To The Readers of "La Torre"
Julius Evola's introduction to Issue No. 1 of La Torre (The Tower)
This magazine gathers the few, for whom the sharp denial of the current “civilization” is the principle and the indispensable presupposition for every truly creative activity. Without softening and without compromises, we set ourselves against the lowering of the spiritual level that on all planes the men of today have constituted as a system.
We react against the loss of every higher meaning of existence; against the materialization, the socialization, and the standardization that everything undergoes; against the strange contaminations and the newest idolatries with which day by day every fount is poisoned, every life petrified, every way closed.
Our watchword, across all planes, is the supreme right of that which was the privilege of the ascetic, the heroic, and the aristocratic over everything that is practical, conditioned, temporal, and in any way measurable by passion and utility, whether individual or collective; it is the firm protest against the insolent omnipresence of economic and social tyranny, and against the shipwreck of every perspective into the most petty human one.
For all that is weak, that is compromising, that is enslaved to opinions and to the small conveniences of the moment, both in Italy and abroad, we intend to be a danger, a challenge, and a denunciation. We say that, cut off from the source and from the ray, every life is pseudo-life, every form is a vain scaffolding destined to certain collapse.
To philosophy, to art, to politics, to science and to religion itself, we contest the right and the possibility that these are closing in on themselves, living without reference to a unified point of view, higher than them all.
Beyond the limits of “civilization” and of “culture”, it is necessary that contacts be opened again, that every particularism be overcome, that in all the forms of activity there returns to circulate and to manifest a light that bears witness to a rediscovered sense of existence, of being born, of living and of dying, which raises all values to a plane of heroic synthesis and of freedom, whether of the natural order or of the supernatural order.
This is our affirmation and this is our negation; the one absolute as much as the other.

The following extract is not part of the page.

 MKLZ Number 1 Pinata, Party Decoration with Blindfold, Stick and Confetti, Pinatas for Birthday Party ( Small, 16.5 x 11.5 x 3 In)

We do not admit points of meeting and of “discussion.” If we affirm that the profound state of crisis of the modern world is due to the lack of a “tradition,” we say however that for us “tradition” has nothing to do with certain nationalistic and provincial ambitions of little men, with any acquiescence and survivals: with nothing, in short, that takes away the first rank and the supreme right from free and realizing spirituality.
It is the development of a breath grafted to all the forces of the world, yet disciplined in a high tension of the soul in culminations of the races of those superior beings, who, in every time, upon vulgar traditions constituted the highest tradition of spirituality – such is instead our point of reference for the “traditionality” that in the sense above all of common dignity and aristocracy, we today affirm, outside any empirical limitation: ethnic, religious, cultural or political – and against every other traditionalism.
The ground on which we will keep ourselves rigidly firm, is this: to it, in the variety of the treatments, we will constantly refer every realization, every critique, every struggle, every destruction; placing ourselves outside of any particular interest and of any contingency of the moment; paralyzing every inclination to yield, to evade, or to concede; fully assuming the dignity and the responsibility of our task; investigating problems of speculation, of art and of politics, but from a point of view that will always be superior to that of each of such special forms, and above all to the measures to which men today are reducing everything.
The “solitaries,” the “irreducibles,” and the “free” therefore gather in La Torre, not as a refuge or a place of a more or less mystical flight, but as a post of resistance, of combat, and of superior realism.
More than programs or orientations, ways: various expressions of the one tradition which, in the plurality of realizations, tends not to form, but to unite individuals, not in equality of belief, but in equality of dignity. Contemplation or action, ascetic solitude or realizing will, lyricism or warfare, affirmation or destruction, visions of peaks or visions of abysses: it matters little, provided that there be one sign that unites us, and one which appears through the variety of forms and of aspirations.
In this sense, if this journal has a director and a direction, nevertheless each who writes in it is free, and precisely because they are free, they are responsible in an absolute seat, in the seat of truth, for their writings.
And such are the words that all of us, present, future, and potential defenders of La Torre write in unity of impulse. Each then will follow his own way, and the readers will understand and judge.